- _Your objective_
Transcribe the records word for word, leaving nothing out.

____________

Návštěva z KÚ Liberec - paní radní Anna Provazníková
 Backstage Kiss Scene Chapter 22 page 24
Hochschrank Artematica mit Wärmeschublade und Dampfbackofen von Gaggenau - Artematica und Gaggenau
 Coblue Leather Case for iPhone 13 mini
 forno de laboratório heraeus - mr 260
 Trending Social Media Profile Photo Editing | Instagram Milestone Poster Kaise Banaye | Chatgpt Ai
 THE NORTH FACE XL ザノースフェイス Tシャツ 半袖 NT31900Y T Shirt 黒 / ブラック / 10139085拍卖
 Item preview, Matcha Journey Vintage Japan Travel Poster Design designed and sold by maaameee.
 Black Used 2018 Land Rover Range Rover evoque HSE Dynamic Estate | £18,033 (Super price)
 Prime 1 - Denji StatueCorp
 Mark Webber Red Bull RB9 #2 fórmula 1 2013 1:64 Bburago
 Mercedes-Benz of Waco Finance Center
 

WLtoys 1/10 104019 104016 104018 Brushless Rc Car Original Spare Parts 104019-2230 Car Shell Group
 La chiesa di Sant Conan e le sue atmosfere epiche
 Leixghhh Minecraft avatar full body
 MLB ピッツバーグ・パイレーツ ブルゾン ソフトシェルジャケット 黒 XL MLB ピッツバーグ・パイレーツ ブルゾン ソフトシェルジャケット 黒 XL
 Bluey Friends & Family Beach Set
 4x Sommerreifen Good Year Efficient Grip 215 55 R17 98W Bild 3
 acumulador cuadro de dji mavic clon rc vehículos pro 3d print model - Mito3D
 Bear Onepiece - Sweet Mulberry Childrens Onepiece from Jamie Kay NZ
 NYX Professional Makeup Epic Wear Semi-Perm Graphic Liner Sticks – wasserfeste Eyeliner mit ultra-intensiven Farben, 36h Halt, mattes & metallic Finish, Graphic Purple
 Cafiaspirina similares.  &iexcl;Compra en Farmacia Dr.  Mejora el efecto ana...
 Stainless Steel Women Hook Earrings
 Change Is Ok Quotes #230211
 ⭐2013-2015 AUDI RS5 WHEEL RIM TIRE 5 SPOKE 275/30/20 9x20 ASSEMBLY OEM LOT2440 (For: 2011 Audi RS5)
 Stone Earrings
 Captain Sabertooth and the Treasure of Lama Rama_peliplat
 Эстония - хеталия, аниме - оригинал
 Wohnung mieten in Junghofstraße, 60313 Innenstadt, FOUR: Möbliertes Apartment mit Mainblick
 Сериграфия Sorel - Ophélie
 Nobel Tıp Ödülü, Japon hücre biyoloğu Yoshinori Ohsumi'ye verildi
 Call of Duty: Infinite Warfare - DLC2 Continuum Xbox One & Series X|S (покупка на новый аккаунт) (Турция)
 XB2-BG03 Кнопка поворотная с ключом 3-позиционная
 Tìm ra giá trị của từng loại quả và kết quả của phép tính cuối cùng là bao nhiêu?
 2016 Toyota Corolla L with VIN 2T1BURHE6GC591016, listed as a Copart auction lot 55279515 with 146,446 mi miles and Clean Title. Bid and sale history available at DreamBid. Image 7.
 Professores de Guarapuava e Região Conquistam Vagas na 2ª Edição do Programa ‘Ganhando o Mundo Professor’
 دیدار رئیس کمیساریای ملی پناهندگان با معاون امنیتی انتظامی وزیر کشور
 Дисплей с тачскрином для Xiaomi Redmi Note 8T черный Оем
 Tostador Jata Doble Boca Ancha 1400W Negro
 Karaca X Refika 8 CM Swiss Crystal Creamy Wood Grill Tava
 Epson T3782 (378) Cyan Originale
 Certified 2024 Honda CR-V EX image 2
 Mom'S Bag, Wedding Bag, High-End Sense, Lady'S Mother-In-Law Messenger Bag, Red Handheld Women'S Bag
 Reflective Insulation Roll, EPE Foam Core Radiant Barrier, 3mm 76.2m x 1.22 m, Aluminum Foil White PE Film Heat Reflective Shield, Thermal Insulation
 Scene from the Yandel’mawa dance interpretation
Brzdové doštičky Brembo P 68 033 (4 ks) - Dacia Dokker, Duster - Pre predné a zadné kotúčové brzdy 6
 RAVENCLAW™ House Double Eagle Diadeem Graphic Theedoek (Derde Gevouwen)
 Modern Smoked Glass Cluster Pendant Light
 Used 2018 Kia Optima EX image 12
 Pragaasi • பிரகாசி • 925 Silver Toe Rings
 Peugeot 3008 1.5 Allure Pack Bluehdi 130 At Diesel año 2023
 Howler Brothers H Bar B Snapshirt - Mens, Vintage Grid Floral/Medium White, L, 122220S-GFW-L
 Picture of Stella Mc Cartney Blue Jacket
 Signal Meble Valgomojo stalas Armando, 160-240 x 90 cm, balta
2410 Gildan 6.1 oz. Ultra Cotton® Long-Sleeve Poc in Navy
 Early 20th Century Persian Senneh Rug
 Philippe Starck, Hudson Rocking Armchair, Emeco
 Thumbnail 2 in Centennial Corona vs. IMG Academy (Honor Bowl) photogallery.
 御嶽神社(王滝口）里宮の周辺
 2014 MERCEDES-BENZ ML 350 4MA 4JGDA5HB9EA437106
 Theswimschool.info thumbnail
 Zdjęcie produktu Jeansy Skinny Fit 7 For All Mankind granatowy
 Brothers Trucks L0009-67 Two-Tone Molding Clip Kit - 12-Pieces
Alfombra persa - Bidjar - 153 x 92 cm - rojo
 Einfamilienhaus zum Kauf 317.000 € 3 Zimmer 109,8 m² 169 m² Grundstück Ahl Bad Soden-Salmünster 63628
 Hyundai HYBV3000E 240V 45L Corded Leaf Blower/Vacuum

____________

- _Exercise answer_
Návštěva z KÚ Liberec - paní radní Anna Provazníková
 Backstage Kiss Scene Chapter 22 page 24
Hochschrank Artematica mit Wärmeschublade und Dampfbackofen von Gaggenau - Artematica und Gaggenau
 Coblue Leather Case for iPhone 13 mini
 forno de laboratório heraeus - mr 260
 Trending Social Media Profile Photo Editing | Instagram Milestone Poster Kaise Banaye | Chatgpt Ai
 THE NORTH FACE XL ザノースフェイス Tシャツ 半袖 NT31900Y T Shirt 黒 / ブラック / 10139085拍卖
 Item preview, Matcha Journey Vintage Japan Travel Poster Design designed and sold by maaameee.
 Black Used 2018 Land Rover Range Rover evoque HSE Dynamic Estate | £18,033 (Super price)
 Prime 1 - Denji StatueCorp
 Mark Webber Red Bull RB9 #2 fórmula 1 2013 1:64 Bburago
 Mercedes-Benz of Waco Finance Center
 

WLtoys 1/10 104019 104016 104018 Brushless Rc Car Original Spare Parts 104019-2230 Car Shell Group
 La chiesa di Sant Conan e le sue atmosfere epiche
 Leixghhh Minecraft avatar full body
 MLB ピッツバーグ・パイレーツ ブルゾン ソフトシェルジャケット 黒 XL MLB ピッツバーグ・パイレーツ ブルゾン ソフトシェルジャケット 黒 XL
 Bluey Friends & Family Beach Set
 4x Sommerreifen Good Year Efficient Grip 215 55 R17 98W Bild 3
 acumulador cuadro de dji mavic clon rc vehículos pro 3d print model - Mito3D
 Bear Onepiece - Sweet Mulberry Childrens Onepiece from Jamie Kay NZ
 NYX Professional Makeup Epic Wear Semi-Perm Graphic Liner Sticks – wasserfeste Eyeliner mit ultra-intensiven Farben, 36h Halt, mattes & metallic Finish, Graphic Purple
 Cafiaspirina similares.  &iexcl;Compra en Farmacia Dr.  Mejora el efecto ana...
 Stainless Steel Women Hook Earrings
 Change Is Ok Quotes #230211
 ⭐2013-2015 AUDI RS5 WHEEL RIM TIRE 5 SPOKE 275/30/20 9x20 ASSEMBLY OEM LOT2440 (For: 2011 Audi RS5)
 Stone Earrings
 Captain Sabertooth and the Treasure of Lama Rama_peliplat
 Эстония - хеталия, аниме - оригинал
 Wohnung mieten in Junghofstraße, 60313 Innenstadt, FOUR: Möbliertes Apartment mit Mainblick
 Сериграфия Sorel - Ophélie
 Nobel Tıp Ödülü, Japon hücre biyoloğu Yoshinori Ohsumi'ye verildi
 Call of Duty: Infinite Warfare - DLC2 Continuum Xbox One & Series X|S (покупка на новый аккаунт) (Турция)
 XB2-BG03 Кнопка поворотная с ключом 3-позиционная
 Tìm ra giá trị của từng loại quả và kết quả của phép tính cuối cùng là bao nhiêu?
 2016 Toyota Corolla L with VIN 2T1BURHE6GC591016, listed as a Copart auction lot 55279515 with 146,446 mi miles and Clean Title. Bid and sale history available at DreamBid. Image 7.
 Professores de Guarapuava e Região Conquistam Vagas na 2ª Edição do Programa ‘Ganhando o Mundo Professor’
 دیدار رئیس کمیساریای ملی پناهندگان با معاون امنیتی انتظامی وزیر کشور
 Дисплей с тачскрином для Xiaomi Redmi Note 8T черный Оем
 Tostador Jata Doble Boca Ancha 1400W Negro
 Karaca X Refika 8 CM Swiss Crystal Creamy Wood Grill Tava
 Epson T3782 (378) Cyan Originale
 Certified 2024 Honda CR-V EX image 2
 Mom'S Bag, Wedding Bag, High-End Sense, Lady'S Mother-In-Law Messenger Bag, Red Handheld Women'S Bag
 Reflective Insulation Roll, EPE Foam Core Radiant Barrier, 3mm 76.2m x 1.22 m, Aluminum Foil White PE Film Heat Reflective Shield, Thermal Insulation
 Scene from the Yandel’mawa dance interpretation
Brzdové doštičky Brembo P 68 033 (4 ks) - Dacia Dokker, Duster - Pre predné a zadné kotúčové brzdy 6
 RAVENCLAW™ House Double Eagle Diadeem Graphic Theedoek (Derde Gevouwen)
 Modern Smoked Glass Cluster Pendant Light
 Used 2018 Kia Optima EX image 12
 Pragaasi • பிரகாசி • 925 Silver Toe Rings
 Peugeot 3008 1.5 Allure Pack Bluehdi 130 At Diesel año 2023
 Howler Brothers H Bar B Snapshirt - Mens, Vintage Grid Floral/Medium White, L, 122220S-GFW-L
 Picture of Stella Mc Cartney Blue Jacket
 Signal Meble Valgomojo stalas Armando, 160-240 x 90 cm, balta
2410 Gildan 6.1 oz. Ultra Cotton® Long-Sleeve Poc in Navy
 Early 20th Century Persian Senneh Rug
 Philippe Starck, Hudson Rocking Armchair, Emeco
 Thumbnail 2 in Centennial Corona vs. IMG Academy (Honor Bowl) photogallery.
 御嶽神社(王滝口）里宮の周辺
 2014 MERCEDES-BENZ ML 350 4MA 4JGDA5HB9EA437106
 Theswimschool.info thumbnail
 Zdjęcie produktu Jeansy Skinny Fit 7 For All Mankind granatowy
 Brothers Trucks L0009-67 Two-Tone Molding Clip Kit - 12-Pieces
Alfombra persa - Bidjar - 153 x 92 cm - rojo
 Einfamilienhaus zum Kauf 317.000 € 3 Zimmer 109,8 m² 169 m² Grundstück Ahl Bad Soden-Salmünster 63628
 Hyundai HYBV3000E 240V 45L Corded Leaf Blower/Vacuum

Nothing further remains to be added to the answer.